Input data:
-- Opening Marker --

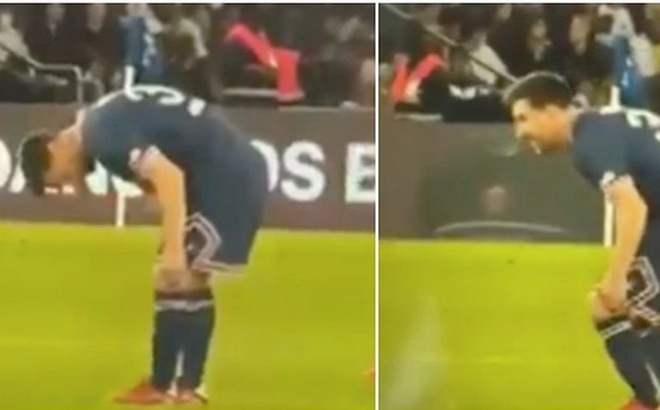Messi cúi xuống kiểm tra đầu gối trái trong trận PSG gặp Lyon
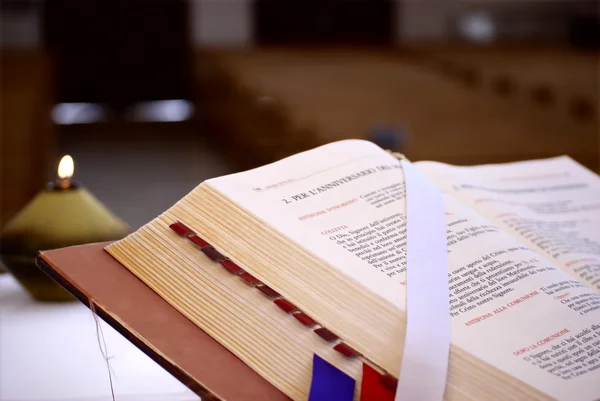 Bible and candle in a church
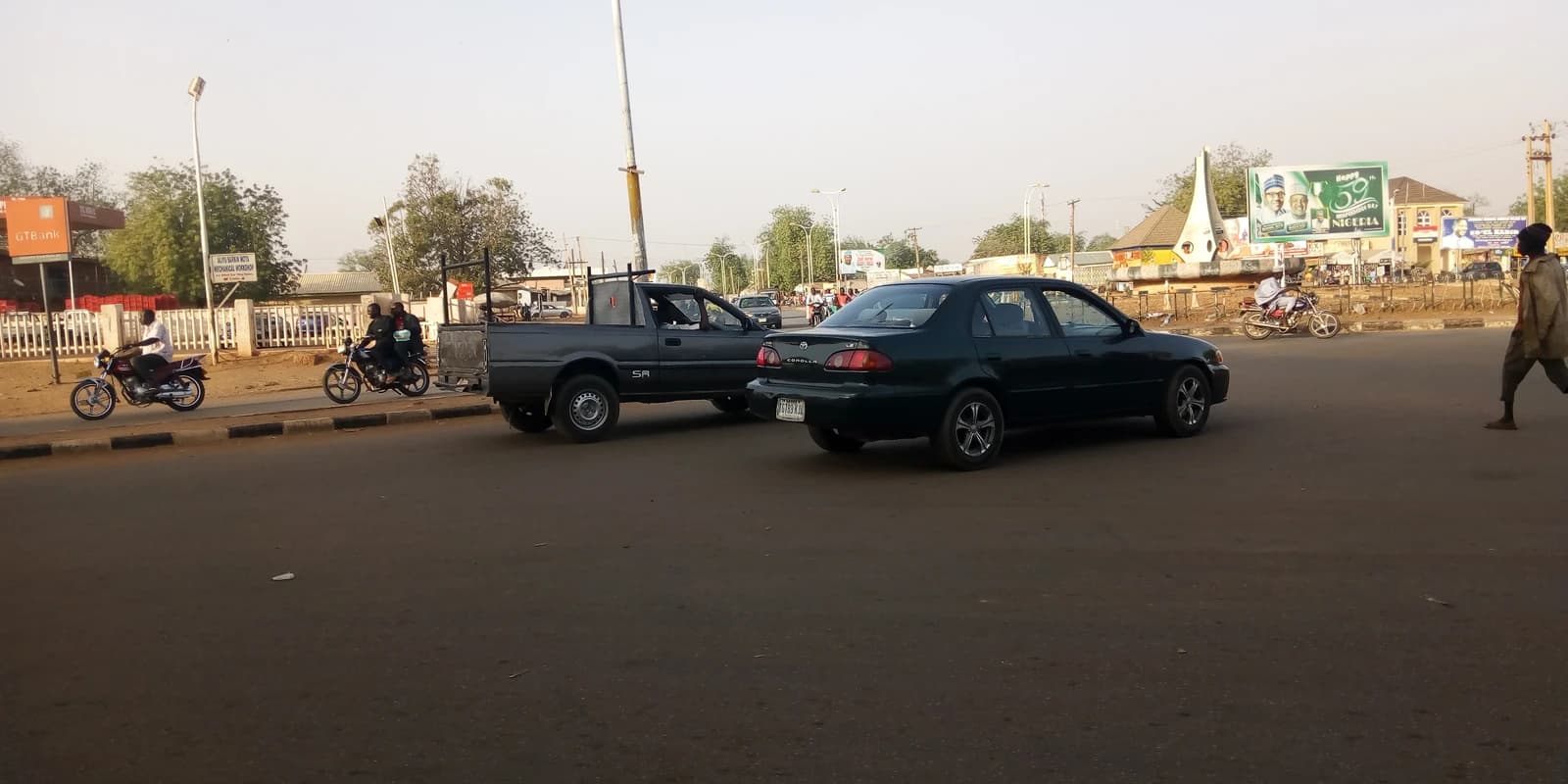 Truck and car driving on a road at a roundabout in Nigeria.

-- Closing Marker --

Task goal:
The full listing must come back exactly as written, with its pictures left out.

Solution to the exercise:
Messi cúi xuống kiểm tra đầu gối trái trong trận PSG gặp Lyon
 Bible and candle in a church
 Truck and car driving on a road at a roundabout in Nigeria.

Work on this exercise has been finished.